IL n’est pas certain que le rôle de l’art soit simplement de nous faire ressentir des émotions. Il se peut qu’il soit capable de toucher au plus intime de notre réalité, la source même, secrète et lointaine de notre essence vitale. Bien sûr certaines œuvres éveillent le sentiment, certaines se donnent le  rôle d’éveiller à une réalité contemporaine, démonstration d’un ici et maintenant, témoin d’un époque, révélateur …. Mais certaines œuvres vont plus loin et semblent pouvoir à travers une imagerie fort simple nous laisser pantois, comme hypnotisé, amoureux, dans un désir de fusion intense.

 

Les racines archaïques des mots, sons et vibrations qui portent les mots, permettraient à nos inconscientes de comprendre instantanément le sens profond de ce que nous voulons dire, au-delà de la pensée et de l’intellect qui en reçoivent l’enrobage linguistique.

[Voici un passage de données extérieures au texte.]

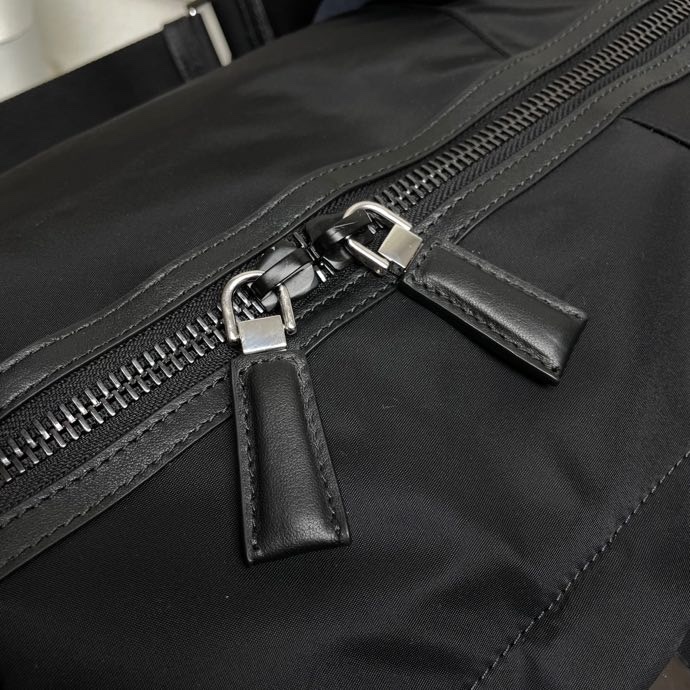 最高級プラダスーパーコピー プラダバッグコピー Re-Nylon xレザー トラベルバッグ ブラック 2VC040_2DW3_F0002_V_NYO シルバー金具 - 画像 (4)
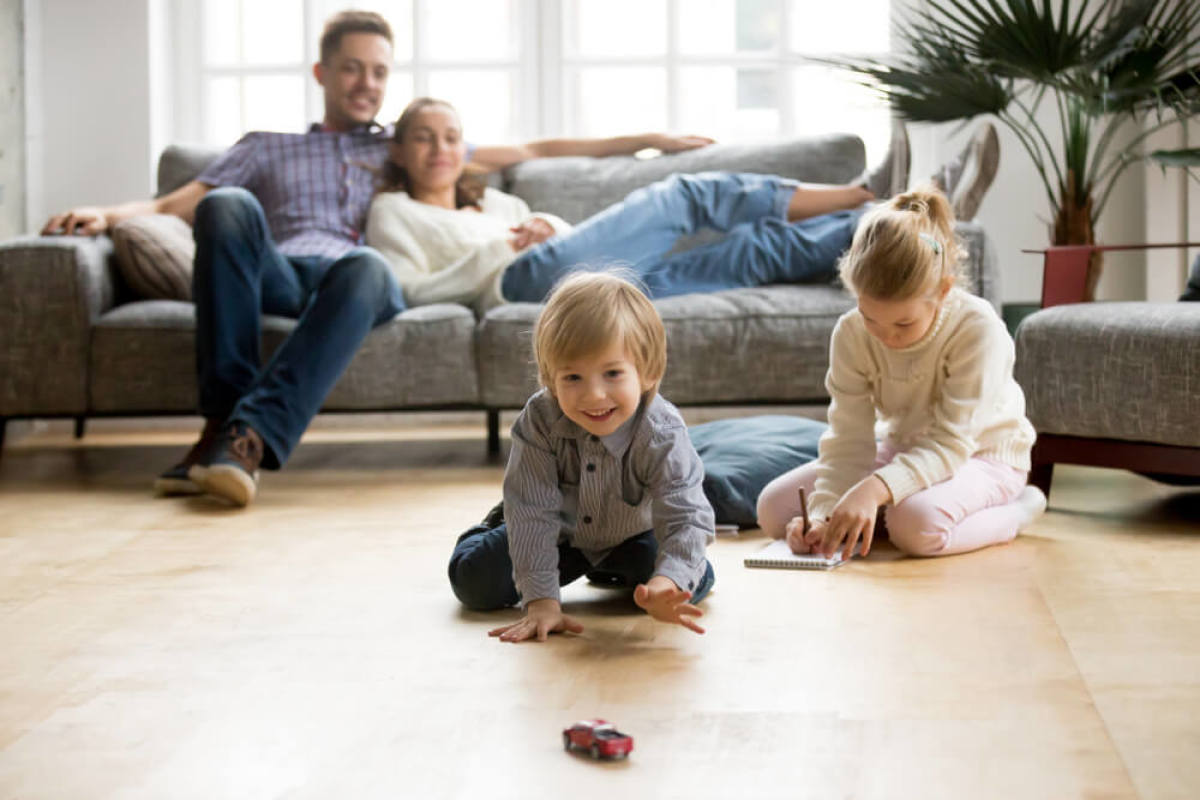 Investissement loi Pinel Rennes – Vue sur une famille dans un appartement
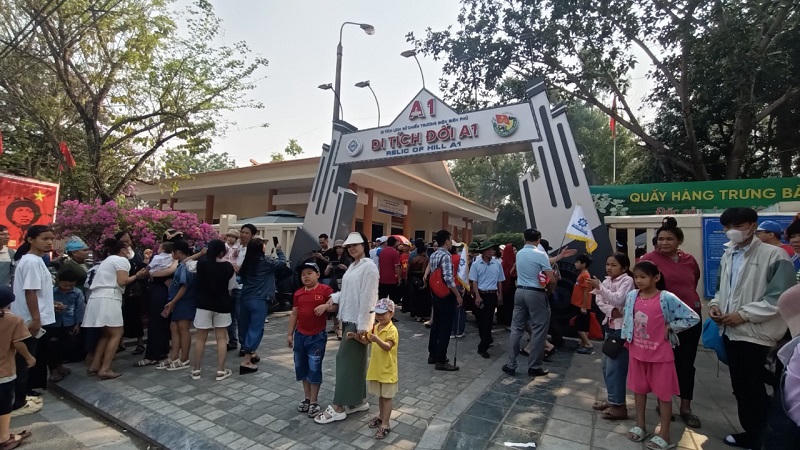 Nhiều điểm di tích lịch sử ở Điện Biên nhộn nhịp du khách trước ngày lễ lớn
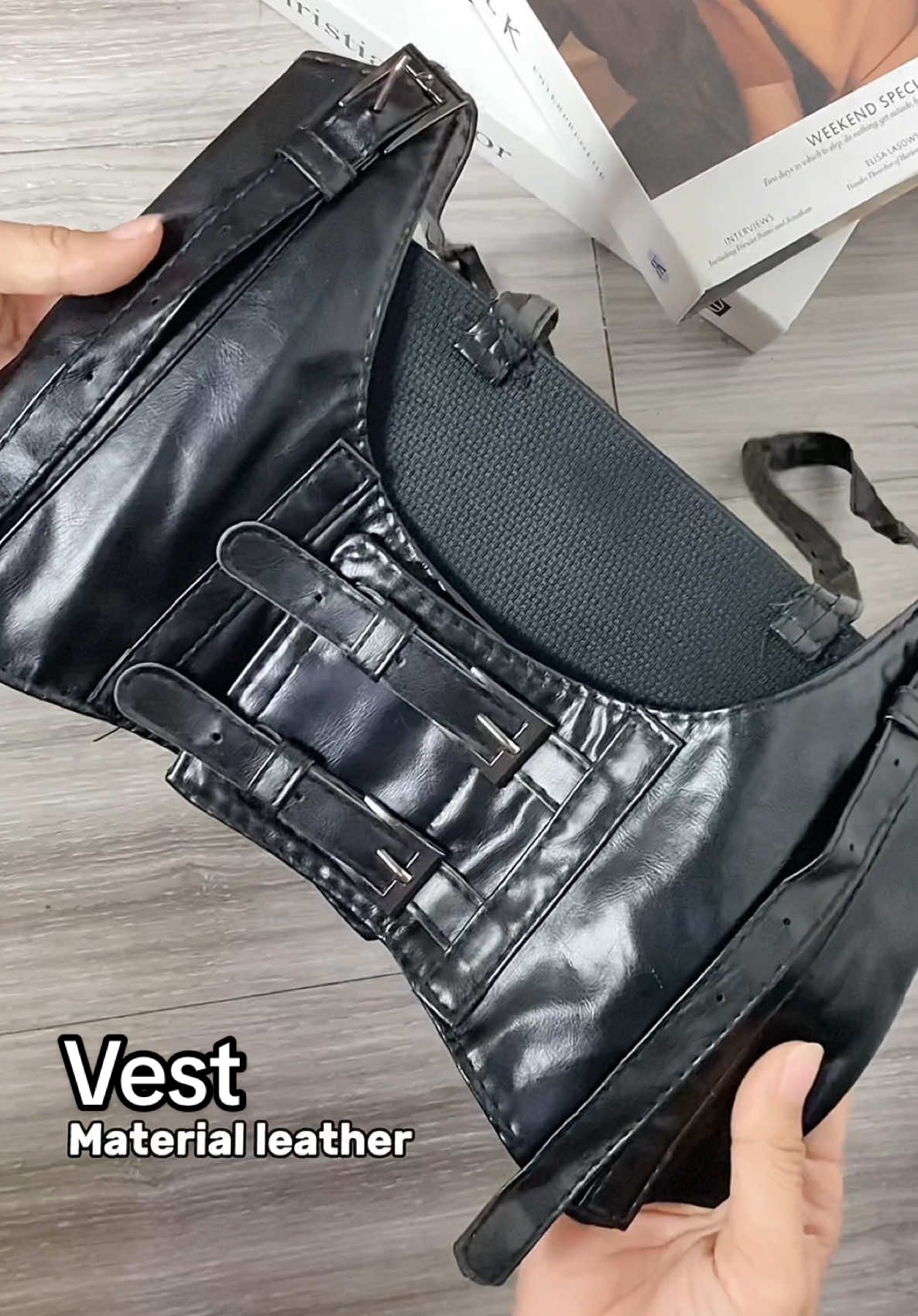 #outfitideas #ootdinspo #OOTD #racuntiktok #banpinggangwanita #beltpinggangwanita #beltwanita #IkatPinggangWanita #vestwanita 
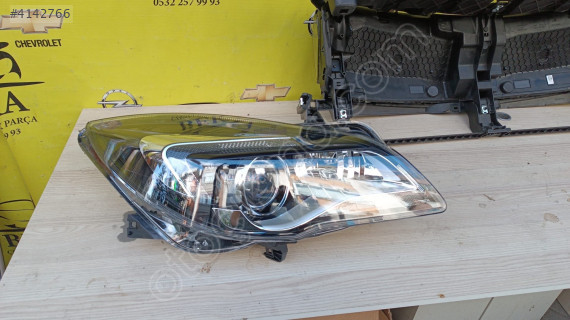 OPEL İNSİGNİA A SAĞ FAR XENON ÇIKMA ORJİNAL YEDEK PARÇA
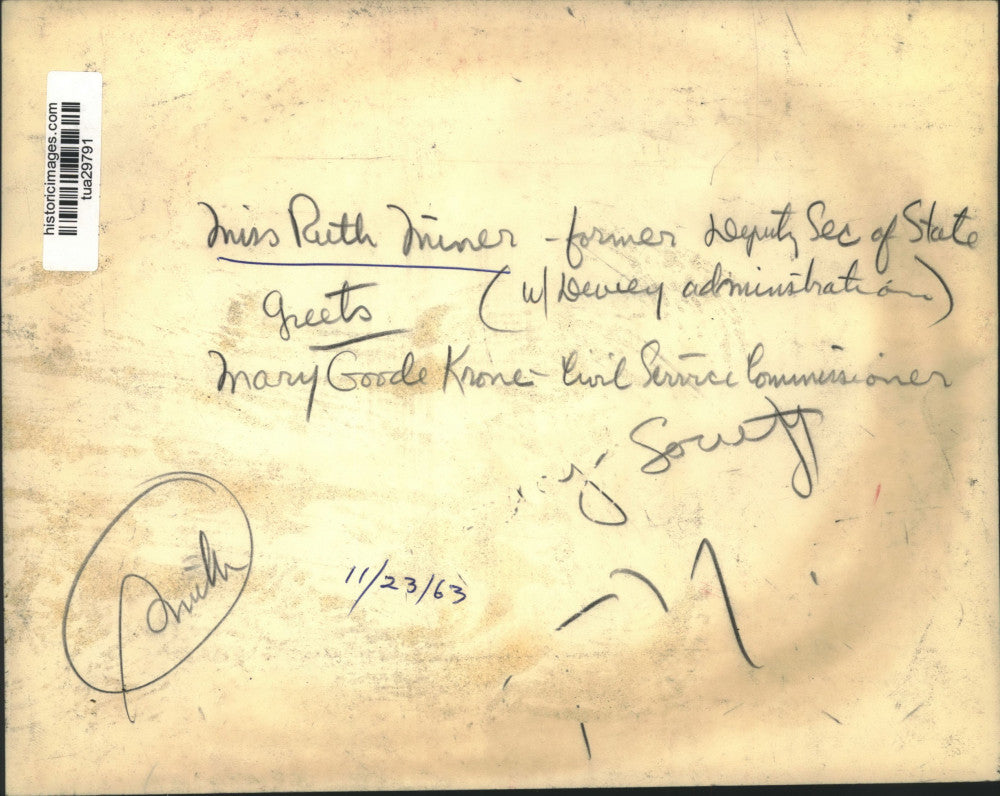 1963 Press Photo Ruth Miner greets Mary Goode Kronet in Albany, New York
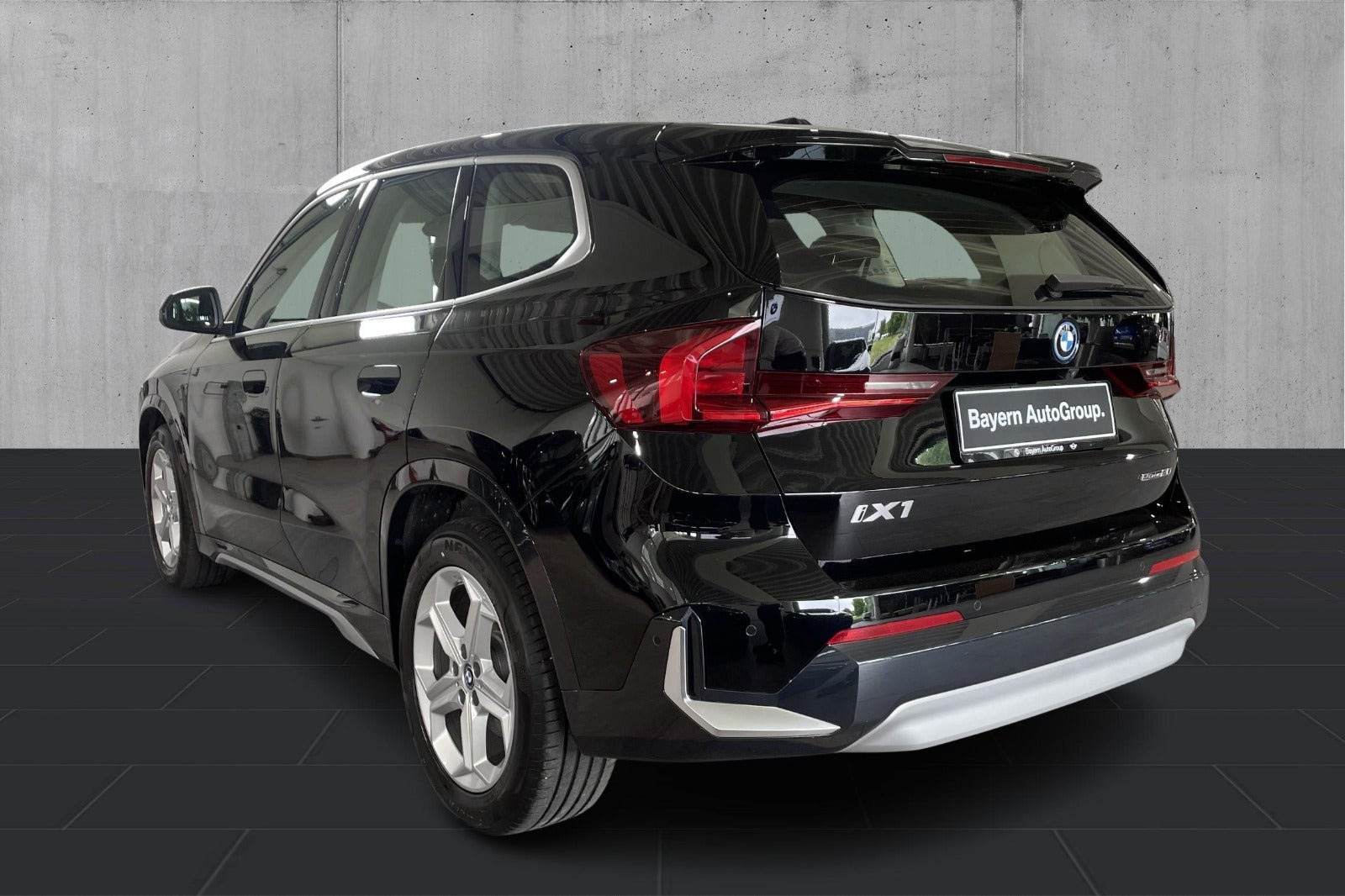 Sort BMW iX1 fra 2023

Ainsi pourrait en être la forme des compositions qui au-delà de l’objet représenté, peut jusqu’à l’abstraction ultime nous émouvoir plus loin que le sentiment. La forme pourrait faire écho d’un trait premier ornant les grottes rupestres de nos mémoires. Il suffirait alors qu’elle épouse le souvenir parfait des danses qui modèlent le monde, la couronne fleurie qui génère la vie pour nous hanter, délicieusement.